How to complete this task:
Everything in the records must be copied exactly except the pictures.

Data provided:
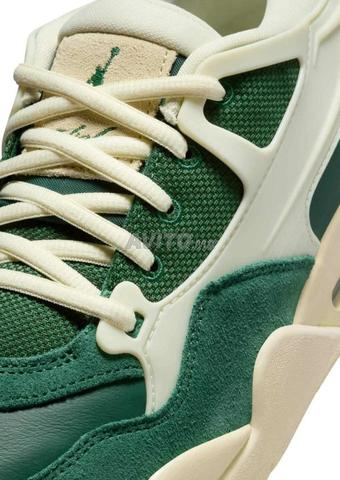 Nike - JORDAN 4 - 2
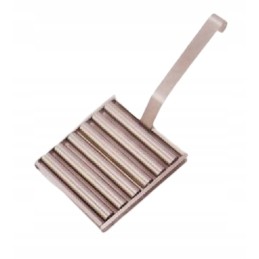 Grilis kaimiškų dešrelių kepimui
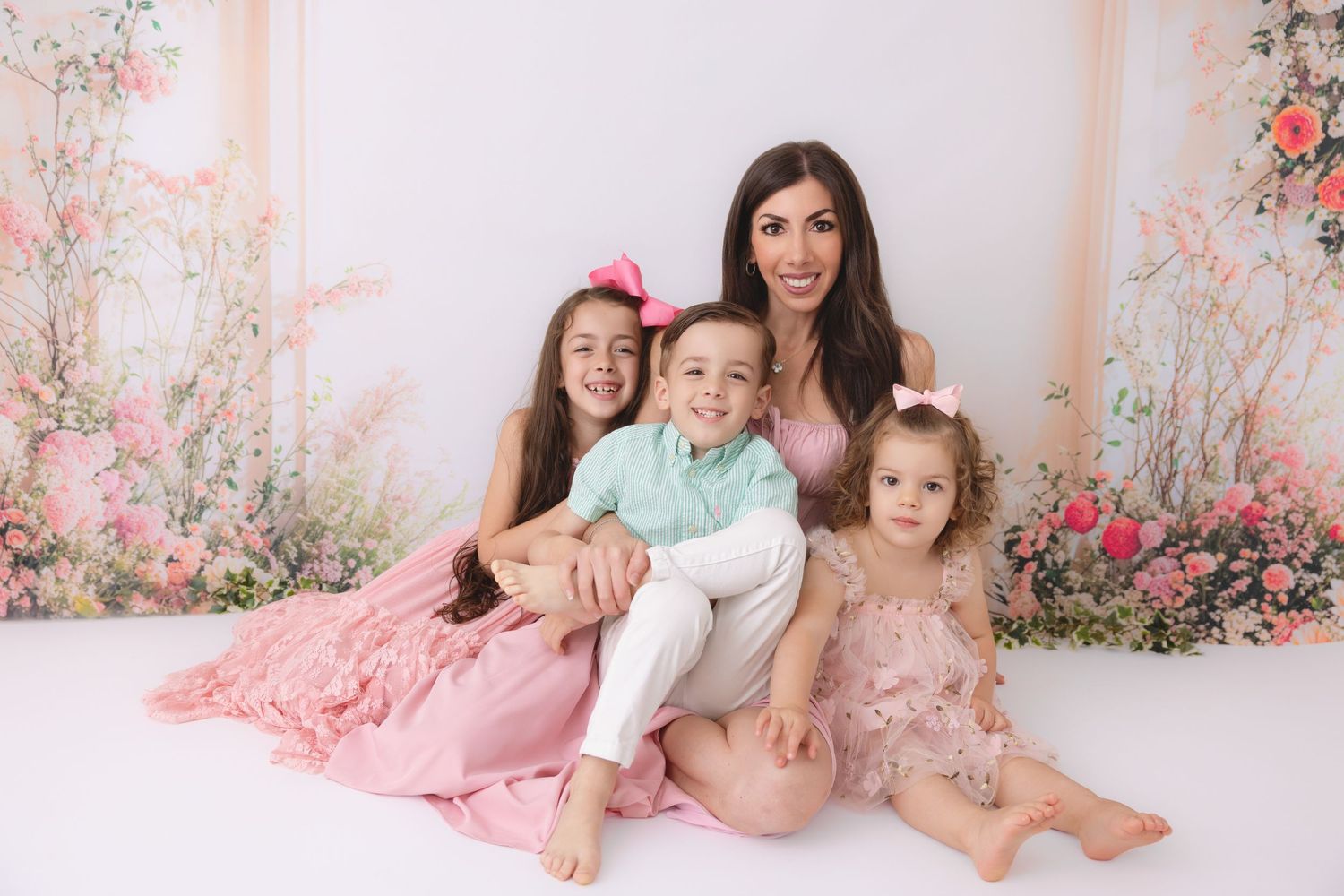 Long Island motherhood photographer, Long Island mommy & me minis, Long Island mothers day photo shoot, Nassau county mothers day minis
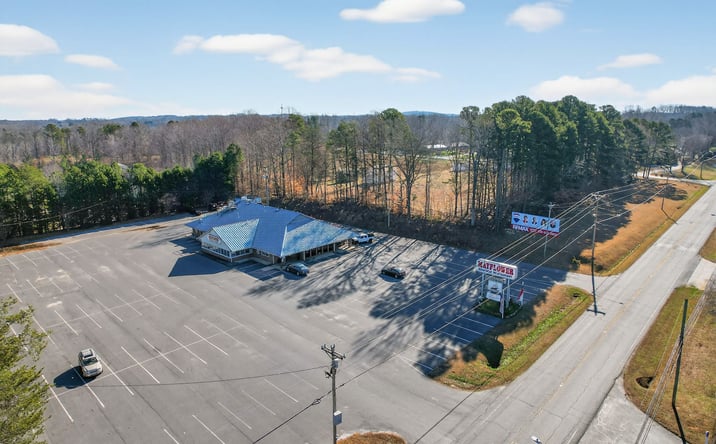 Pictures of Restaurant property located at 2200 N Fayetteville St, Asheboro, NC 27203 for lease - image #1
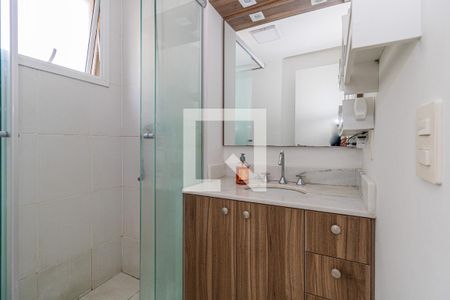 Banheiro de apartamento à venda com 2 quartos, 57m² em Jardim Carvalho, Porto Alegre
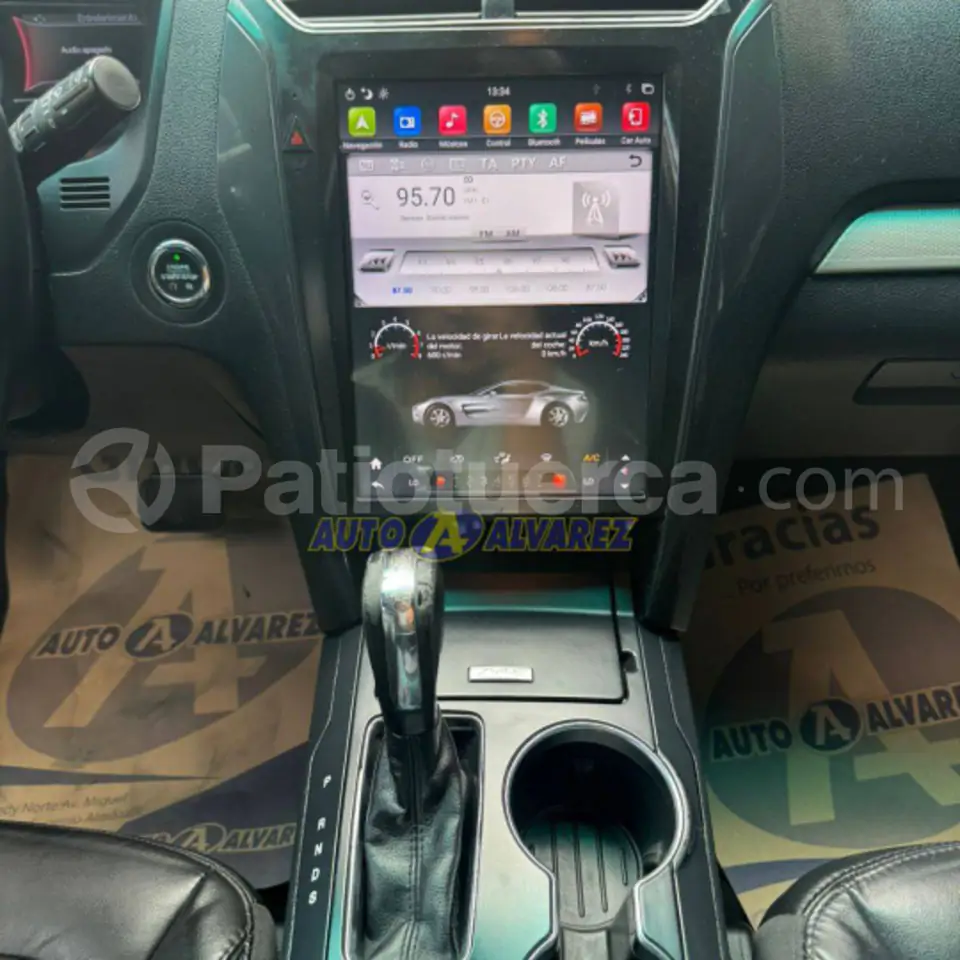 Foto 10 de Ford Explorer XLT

Worked solution:
 Nike - JORDAN 4 - 2
 Grilis kaimiškų dešrelių kepimui
 Long Island motherhood photographer, Long Island mommy & me minis, Long Island mothers day photo shoot, Nassau county mothers day minis
 Pictures of Restaurant property located at 2200 N Fayetteville St, Asheboro, NC 27203 for lease - image #1
 Banheiro de apartamento à venda com 2 quartos, 57m² em Jardim Carvalho, Porto Alegre
 Foto 10 de Ford Explorer XLT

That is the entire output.